» Work to be completed: Give back each line of the data exactly as it reads, minus the pictures.

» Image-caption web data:
>>>

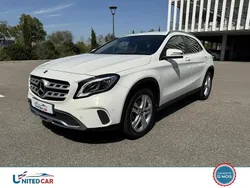 Blanc Utilisé 2017 Mercedes 180 Berline | 20 200 € (Prix cher)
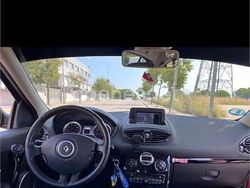 Rojo Usado 2012 Renault Clio IV Evolution Berlina | 5600 € (Caro)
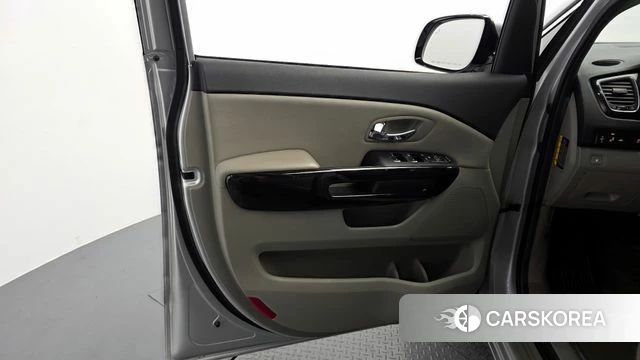 Kia The New Carnival id 4446768 из Кореи 16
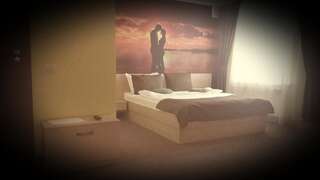 Отель AMBER Hotel & Cafe Богородчаны Двухместный номер Делюкс с 1 кроватью-1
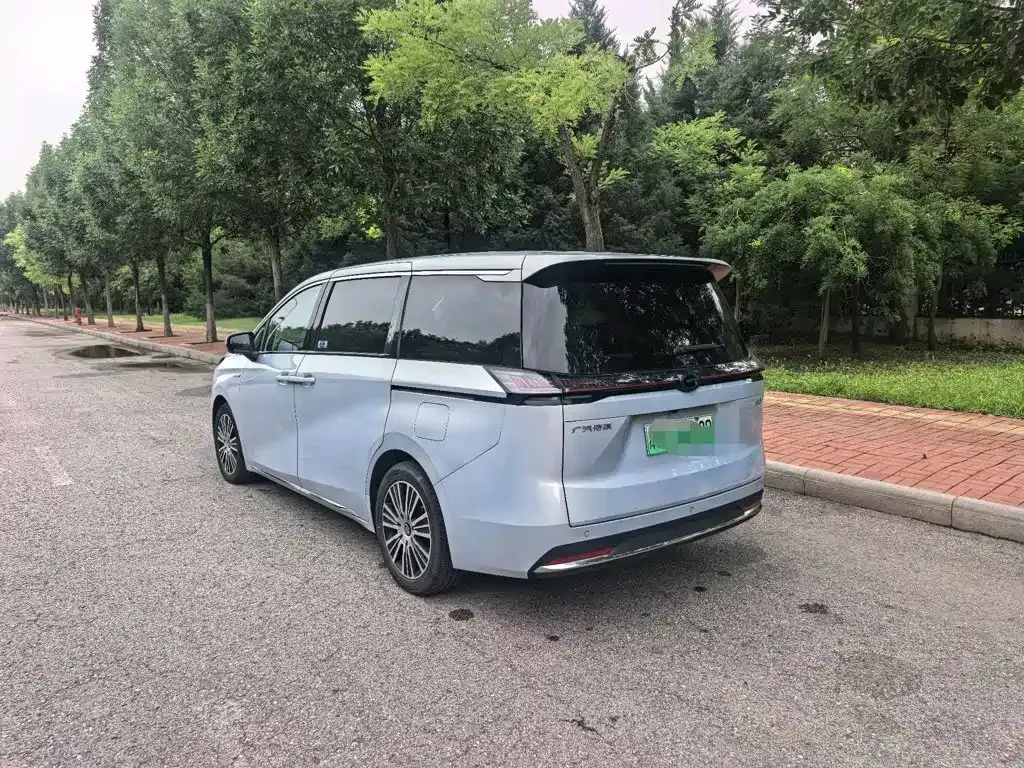 GAC Motor 传祺E8 PHEV — фото 7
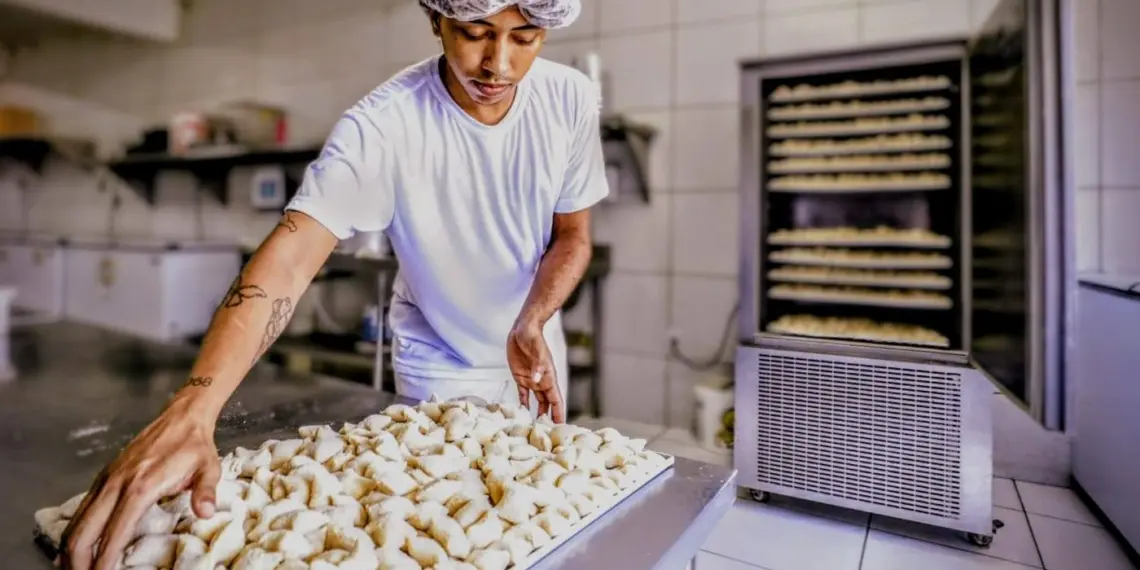 Os setores de Serviços, Construção e Indústria foram os que mais contrataram, impulsionando a economia do estado. (Foto: Thiago Gaspar)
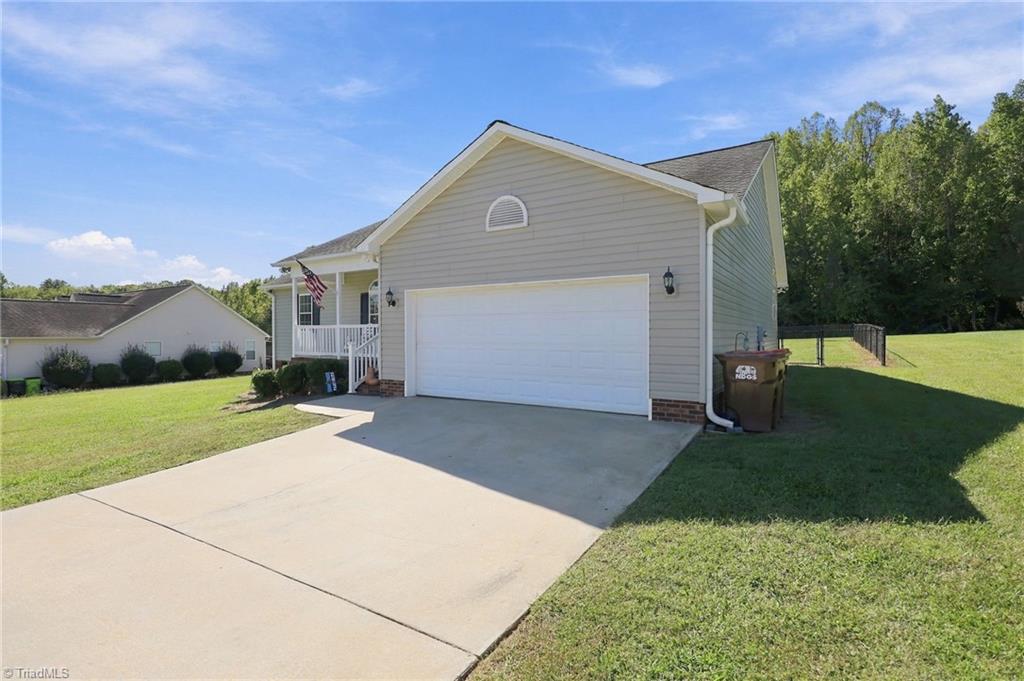 398 Goldenrod Lane Property Photo 3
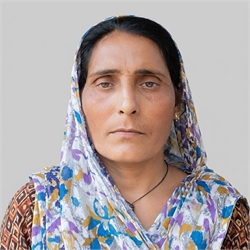 Rambeti - Part time Cleaner and Cook and Baby Sitter in Sector 84 in Delhi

<<<

» Written solution:
 Blanc Utilisé 2017 Mercedes 180 Berline | 20 200 € (Prix cher)
 Rojo Usado 2012 Renault Clio IV Evolution Berlina | 5600 € (Caro)
 Kia The New Carnival id 4446768 из Кореи 16
 Отель AMBER Hotel & Cafe Богородчаны Двухместный номер Делюкс с 1 кроватью-1
 GAC Motor 传祺E8 PHEV — фото 7
 Os setores de Serviços, Construção e Indústria foram os que mais contrataram, impulsionando a economia do estado. (Foto: Thiago Gaspar)
 398 Goldenrod Lane Property Photo 3
 Rambeti - Part time Cleaner and Cook and Baby Sitter in Sector 84 in Delhi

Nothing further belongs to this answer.